A conspiracy by any other name

Geert Wilders voting in November. Photo: Prachatai via Flickr CC

Marjolein Faber, the prospective minister for Asylum, Immigration and Integration, had a script and she was sticking to it. The MP for the far-right PVV party no longer believed that refugees were complicit in a programme of omvolking, or the deliberate destruction of native people and cultures in Europe through “population replacement”. She had been “perhaps too fierce” in her critique of the government’s asylum policy, but now she was on the verge of taking a seat in cabinet she had “no problem at all with fully distancing myself from [the term]”. “My party and I despise everything to do with the Nazis and their ideology,” she said.

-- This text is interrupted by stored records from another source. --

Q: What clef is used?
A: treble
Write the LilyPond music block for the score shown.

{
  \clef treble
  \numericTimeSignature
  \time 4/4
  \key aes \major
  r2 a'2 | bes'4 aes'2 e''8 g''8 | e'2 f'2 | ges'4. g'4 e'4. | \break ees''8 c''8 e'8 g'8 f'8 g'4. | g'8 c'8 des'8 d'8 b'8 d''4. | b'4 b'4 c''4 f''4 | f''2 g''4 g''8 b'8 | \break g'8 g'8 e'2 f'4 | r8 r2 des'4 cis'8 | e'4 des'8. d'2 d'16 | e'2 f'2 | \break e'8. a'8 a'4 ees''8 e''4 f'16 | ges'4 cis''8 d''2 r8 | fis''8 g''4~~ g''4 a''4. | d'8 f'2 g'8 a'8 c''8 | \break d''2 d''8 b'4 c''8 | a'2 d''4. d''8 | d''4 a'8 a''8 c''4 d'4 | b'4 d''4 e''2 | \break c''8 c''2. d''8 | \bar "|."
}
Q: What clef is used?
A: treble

Four years ago Faber was rebuked by the prime minister, Mark Rutte, for arguing in a Senate debate that the government was pursuing an “agenda of omvolking“. Rutte explained that the word derived from the German Umvolkung, the Nazi-era term for the perceived dilution of German identity, which needed to be corrected through a process of “re-Germanisation”. Ethnic Germans in areas such as the Sudetenland in Czechoslovakia were in danger of being assimilated into an alien culture, and the only way to save them was to retake these regions by force. Similar arguments were advanced to justify Russia’s occupation of Crimea in 2014 and the full-scale invasion of Ukraine eight years later.

Faber was speaking at the Dutch parliamentary hearings to grill the ministerial candidates – a new procedure intended to make the appointments more transparent. Along with the PVV’s other candidates, she was repeatedly questioned about whether her policies would be guided by a racist conspiracy theory. Her reply sounded like a retraction (and I have to admit I described it as such), but on closer examination it was a minor shift in her position. “I don’t believe in a plan or conspiracy,” she said. “But there are very concerning demographic developments… [and] it is very legitimate to have big concerns about them.” The core of the message had not changed, just the paper it was wrapped in.

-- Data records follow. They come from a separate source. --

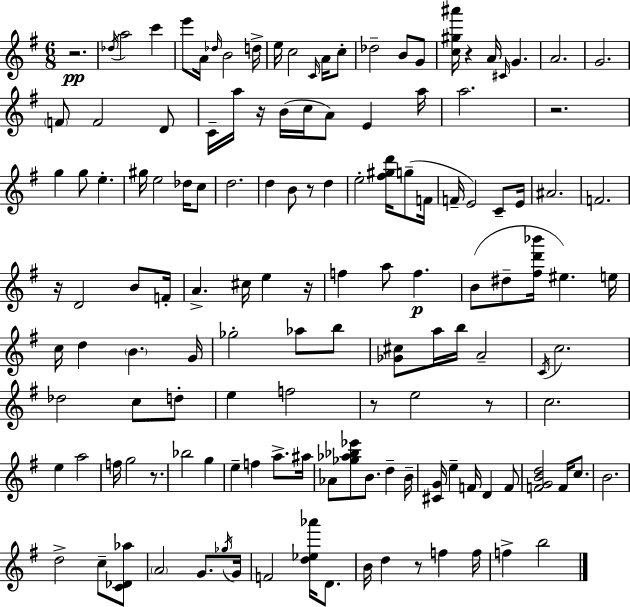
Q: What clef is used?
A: treble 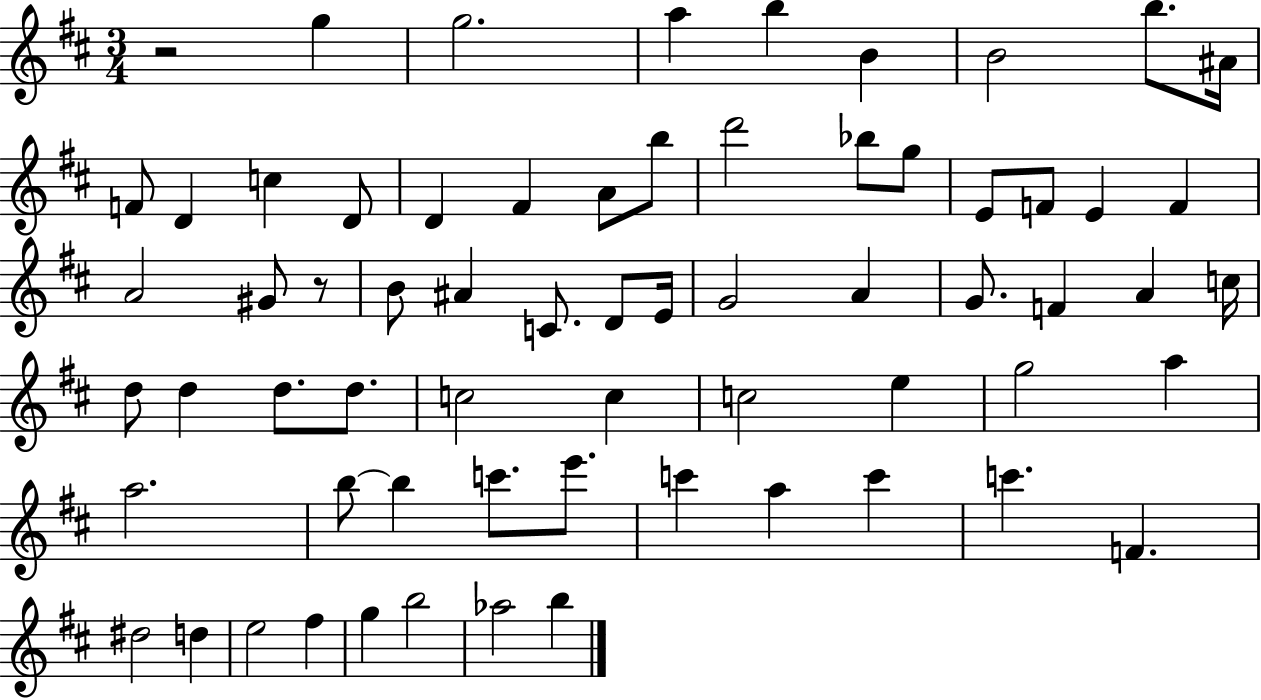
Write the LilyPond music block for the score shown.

{
  \clef treble
  \numericTimeSignature
  \time 3/4
  \key d \major
  r2 g''4 | g''2. | a''4 b''4 b'4 | b'2 b''8. ais'16 | \break f'8 d'4 c''4 d'8 | d'4 fis'4 a'8 b''8 | d'''2 bes''8 g''8 | e'8 f'8 e'4 f'4 | \break a'2 gis'8 r8 | b'8 ais'4 c'8. d'8 e'16 | g'2 a'4 | g'8. f'4 a'4 c''16 | \break d''8 d''4 d''8. d''8. | c''2 c''4 | c''2 e''4 | g''2 a''4 | \break a''2. | b''8~~ b''4 c'''8. e'''8. | c'''4 a''4 c'''4 | c'''4. f'4. | \break dis''2 d''4 | e''2 fis''4 | g''4 b''2 | aes''2 b''4 | \break \bar "|."
} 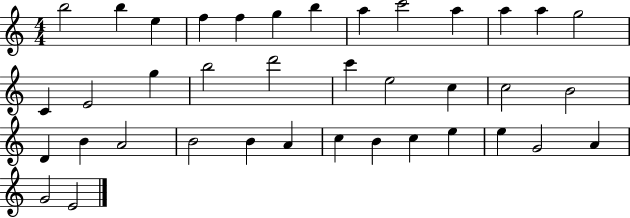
X:1
T:Untitled
M:4/4
L:1/4
K:C
b2 b e f f g b a c'2 a a a g2 C E2 g b2 d'2 c' e2 c c2 B2 D B A2 B2 B A c B c e e G2 A G2 E2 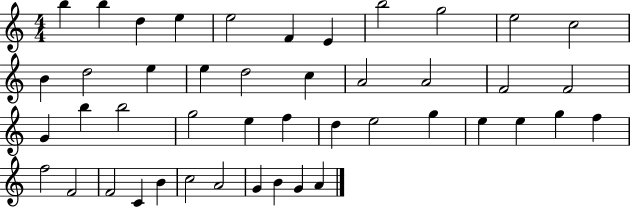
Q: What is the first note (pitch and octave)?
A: B5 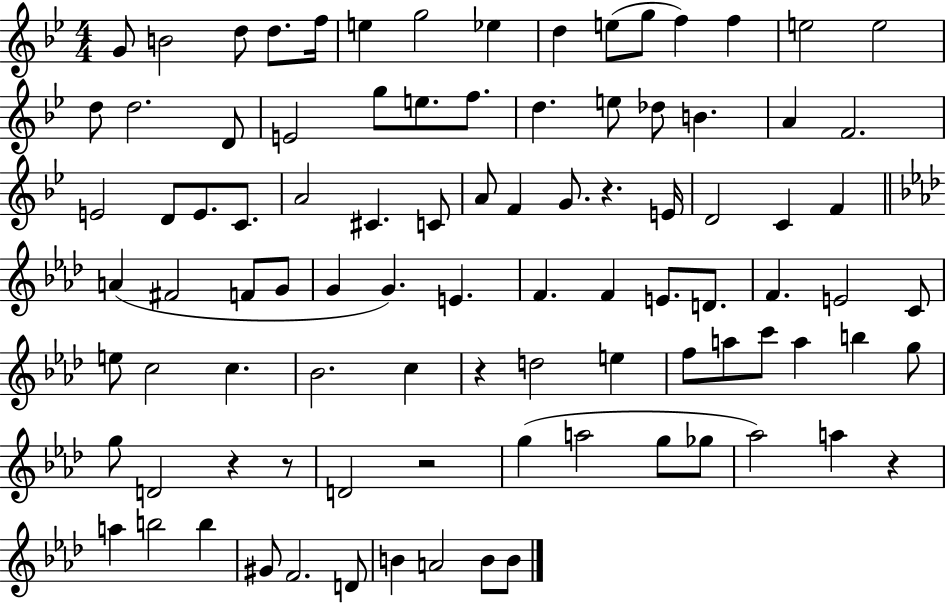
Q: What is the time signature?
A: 4/4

But Faber’s change of tone wrong-footed her inquisitors. The PVV is renowned for never regretting or apologising for anything. Geert Wilders spent a decade in court defending his right to insult Moroccans and hurled more insults at the judges when he lost. Faber’s colleagues, such as Reinette Klever and Chris Jansen, split hairs and shuffled their feet when invited to distance themselves from omvolking terminology, but solemnly promised that they would not use such language as ministers. Klever claimed it was a demographic term rather than a theory, relying on a skewed interpretation of a United Nations report into Europe’s increasingly geriatric population. Jansen said he stood behind the infamous “fewer Moroccans” rallying cry that landed Wilders in court, but would not tolerate it at his ministry because it might create an unsafe working environment.

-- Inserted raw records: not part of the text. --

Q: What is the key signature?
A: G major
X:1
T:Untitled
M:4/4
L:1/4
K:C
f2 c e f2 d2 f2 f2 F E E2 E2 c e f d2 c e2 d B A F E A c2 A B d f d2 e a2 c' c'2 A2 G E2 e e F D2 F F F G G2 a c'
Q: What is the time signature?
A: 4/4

Faber’s script worked because it blunted the attacks of the MPs’ panel and drew them into a semantic debate that ignored the practical consequences of having far-right ministers in government. She batted away question after question about the language and theory of population replacement by simply stating that she would not utter the same words as a minister. It was the linguistic equivalent of Wilders’s pledge to put his plans to close mosques and leave the European Union into cold storage. And it meant Faber entirely evaded being scrutinised on the details of the “strictest asylum policy ever”. Hardly anybody questioned her on the implications of freezing asylum applications, abolishing the quota system for local councils enshrined in the so-called “spreading law”, or barring settled refugees from social housing, all measures that will put more pressure on a chronically overstrained accommodation system. The growing threat of a new crisis at the Ter Apel reception centre, where conditions two years ago were condemned as “inhumane” by the Red Cross and a baby died while sleeping on the floor of a sports hall, went unmentioned. Nobody asked how soon the enforced deportations mentioned on page four of the coalition agreement will begin.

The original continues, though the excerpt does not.